Extracted records:

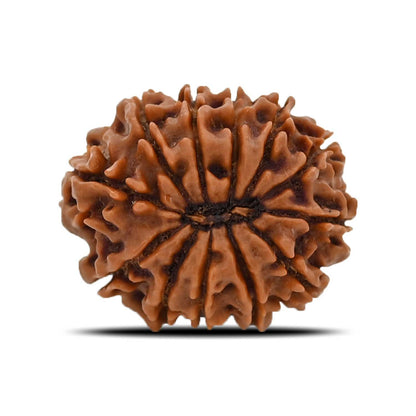 12 Mukhi Rudraksha (Nepal) 25.2 MM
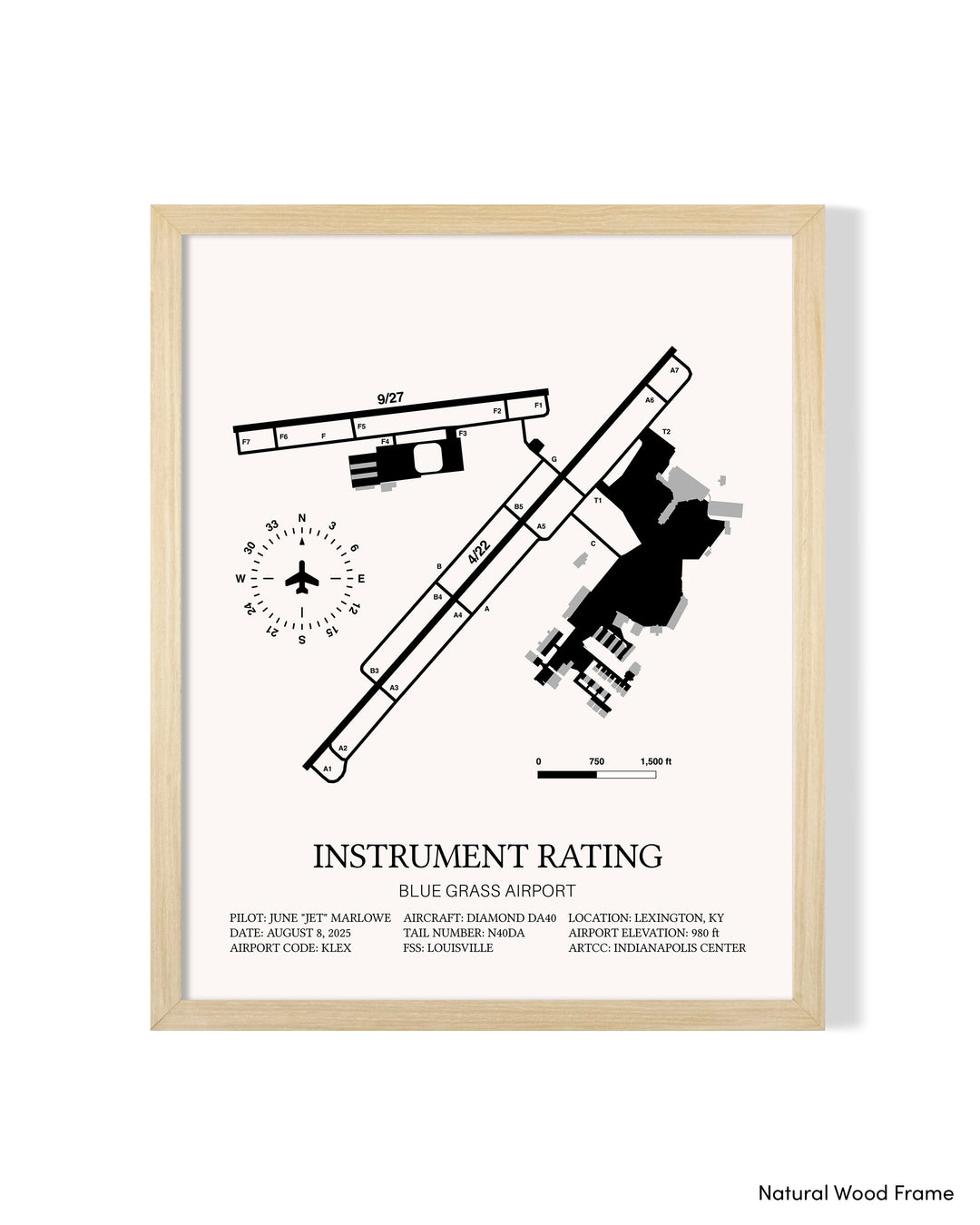Instrument Rating Custom Print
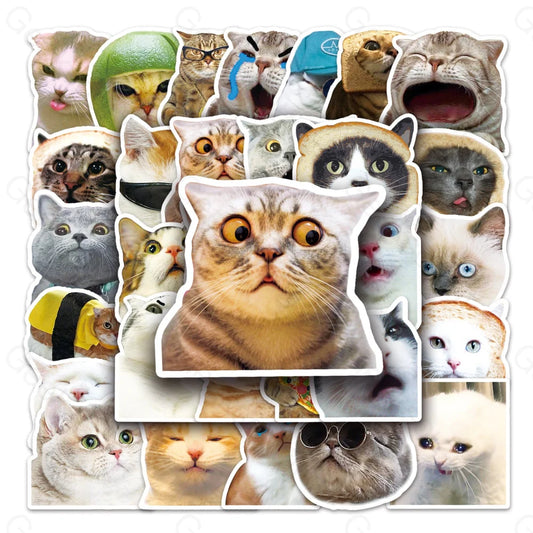 50 Internet Celebrity Cat Graffiti Computer Luggage Stickers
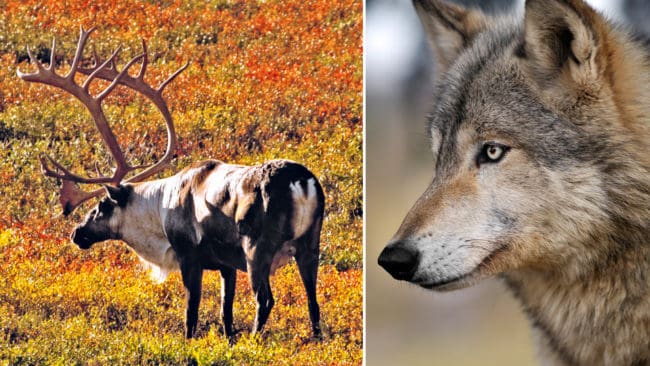 I kanadensiska British Columbia införs fri vargjakt för att skydda vildrenar.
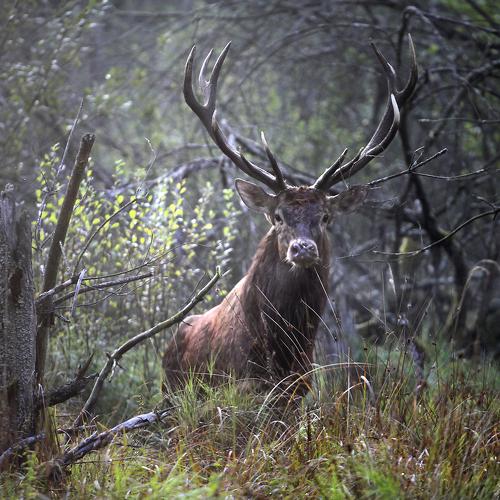 Превью фотографии фотографа krzysiek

What needs to be done – Omit the pictures, then give every record back exactly as it stands.

Task response –
 12 Mukhi Rudraksha (Nepal) 25.2 MM
Instrument Rating Custom Print
 50 Internet Celebrity Cat Graffiti Computer Luggage Stickers
 I kanadensiska British Columbia införs fri vargjakt för att skydda vildrenar.
 Превью фотографии фотографа krzysiek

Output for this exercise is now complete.